Behemoth by Scott Westerfeld

September 9th, 2010 by Brian Leave a reply »

I realized today that there is no main antagonist in the Leviathan/Behemoth series. It’s straight character vs. self and character vs. society. I wonder if that’s why students don’t quite get into the action. The only complaint I’ve received is that there’s so much focus on the history and not on excitement.

The “focus on history” comment is an interesting one, considering the book is about giant flying whales and steam-powered mechs.

Behemoth is a great sequel to Leviathan. It continues documenting the travels of the airship crew as they delve into the Ottoman Empire. There’s a little bit of airship combat but mostly it’s adventuring in the streets of Istanbul as Alek tries to find help to overthrow the German presence. Real ships and vehicles, like the Goeben and the Orient Express, show up, but in steampunk glory.

There is a cutesy mascot that gets added to the party, in the same vein as Gurgi from the Prydain Chronicles. Lots of babbling, lots of cuteness, and I must admit that, until I knew its true purpose, I sided with Count Volger on killing the thing.

In Behemoth, Westerfeld built up the revolution in Istanbul so that it explodes within the last 50 pages of the book.

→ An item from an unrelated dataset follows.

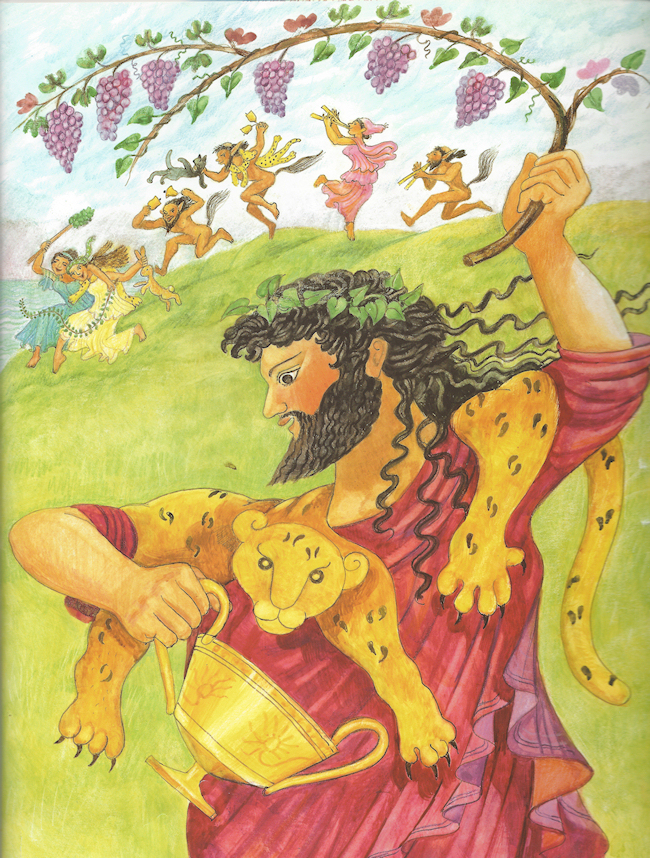 color drawing of Greek god Dionysus with
              dancing Maenads and Satyrs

Students who are looking for battles galore are going to be disappointed that it takes such time to develop. Students who love character interactions and a believable world, though, will enjoy it without a doubt.

I’m marketing this book as an adventure, more like Indiana Jones, where there’s running and crashing and stuff like that alongside witty one-liners. We’ll see how it does in October when it hits the shelf.